WHAT IS EXPECTED:
Look through the entries below and return all lines including the word "show".

----- DATA SECTION

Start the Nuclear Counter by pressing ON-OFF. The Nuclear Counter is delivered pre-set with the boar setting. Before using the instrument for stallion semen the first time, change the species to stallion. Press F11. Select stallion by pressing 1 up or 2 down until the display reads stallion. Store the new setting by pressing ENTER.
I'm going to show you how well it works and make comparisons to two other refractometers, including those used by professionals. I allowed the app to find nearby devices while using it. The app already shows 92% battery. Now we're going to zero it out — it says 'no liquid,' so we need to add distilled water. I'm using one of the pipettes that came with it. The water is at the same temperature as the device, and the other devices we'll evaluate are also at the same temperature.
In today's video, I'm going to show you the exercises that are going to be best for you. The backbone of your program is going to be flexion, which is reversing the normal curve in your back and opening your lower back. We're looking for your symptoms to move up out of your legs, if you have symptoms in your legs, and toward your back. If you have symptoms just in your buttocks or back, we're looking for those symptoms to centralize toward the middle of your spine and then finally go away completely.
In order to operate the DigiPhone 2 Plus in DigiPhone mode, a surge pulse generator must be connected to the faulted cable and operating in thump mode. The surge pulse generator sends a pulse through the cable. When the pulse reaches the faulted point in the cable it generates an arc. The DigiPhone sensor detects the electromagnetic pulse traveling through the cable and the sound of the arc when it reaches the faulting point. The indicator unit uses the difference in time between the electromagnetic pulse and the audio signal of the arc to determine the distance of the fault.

----------
----- DATA SECTION

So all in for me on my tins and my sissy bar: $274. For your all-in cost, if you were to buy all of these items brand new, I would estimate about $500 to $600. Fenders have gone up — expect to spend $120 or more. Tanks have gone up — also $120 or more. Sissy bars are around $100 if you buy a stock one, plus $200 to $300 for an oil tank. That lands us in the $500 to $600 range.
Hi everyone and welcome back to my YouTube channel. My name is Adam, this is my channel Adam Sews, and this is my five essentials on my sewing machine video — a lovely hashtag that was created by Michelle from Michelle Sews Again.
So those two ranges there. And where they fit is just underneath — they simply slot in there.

----------

RESPONSE:
I'm going to show you how well it works and make comparisons to two other refractometers, including those used by professionals. I allowed the app to find nearby devices while using it. The app already shows 92% battery. Now we're going to zero it out — it says 'no liquid,' so we need to add distilled water. I'm using one of the pipettes that came with it. The water is at the same temperature as the device, and the other devices we'll evaluate are also at the same temperature.
In today's video, I'm going to show you the exercises that are going to be best for you. The backbone of your program is going to be flexion, which is reversing the normal curve in your back and opening your lower back. We're looking for your symptoms to move up out of your legs, if you have symptoms in your legs, and toward your back. If you have symptoms just in your buttocks or back, we're looking for those symptoms to centralize toward the middle of your spine and then finally go away completely.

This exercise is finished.